Unsupervised Video Deraining with An Event Camera
Jin Wang, Wenming Weng, Yueyi Zhang, Zhiwei Xiong
IEEE/CVF International Conference on Computer Vision (ICCV), 2023
Paper | Code | Abstract
Current unsupervised video deraining methods are inefficient in modeling the intricate spatio-temporal properties of rain, which leads to unsatisfactory results. In this paper, we propose a novel approach by integrating a bio-inspired event camera into the unsupervised video deraining pipeline, which enables us to capture high temporal resolution information and model complex rain characteristics. Specifically, we first design an end-to-end learning-based network consisting of two modules, the asymmetric separation module and the cross-modal fusion module. The two modules are responsible for segregating the features of the rain-background layer, and for positive enhancement and negative suppression from a cross-modal perspective, respectively. Second, to regularize the network training, we elaborately design a cross-modal contrastive learning method that leverages the complementary information from event cameras, exploring the mutual exclusion and similarity of rain-background layers in different domains. This encourages the deraining network to focus on the distinctive characteristics of each layer and learn a more discriminative representation. Moreover, we construct the first real-world dataset comprising rainy videos and events using a hybrid imaging system. Extensive experiments demonstrate the superior performance of our method on both synthetic and real-world datasets.

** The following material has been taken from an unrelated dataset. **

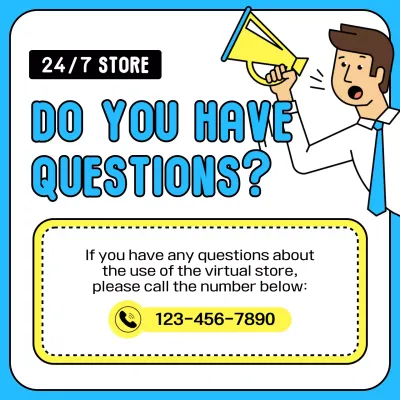 A simple stationery store in light blue and yellow with an inquiry notice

Event-Based Blurry Frame Interpolation Under Blind Exposure
Wenming Weng, Yueyi Zhang, Zhiwei Xiong
IEEE/CVF Conference on Computer Vision and Pattern Recognition (CVPR), 2023
Paper | Code | Intro Video | Abstract
Restoring sharp high frame-rate videos from low frame-rate blurry videos is a challenging problem. Existing blurry frame interpolation methods assume a predefined and known exposure time, which suffer from severe performance drop when applied to videos captured in the wild. In this paper, we study the problem of blurry frame interpolation under blind exposure with the assistance of an event camera. The high temporal resolution of the event camera is beneficial to obtain the exposure prior that is lost during the imaging process. Besides, sharp frames can be restored using event streams and blurry frames relying on the mutual constraint among them. Therefore, we first propose an exposure estimation strategy guided by event streams to estimate the lost exposure prior, transforming the blind exposure problem well-posed. Second, we propose to model the mutual constraint with a temporal-exposure control strategy through iterative residual learning. Our blurry frame interpolation method achieves a distinct performance boost over existing methods on both synthetic and self-collected real-world datasets under blind exposure.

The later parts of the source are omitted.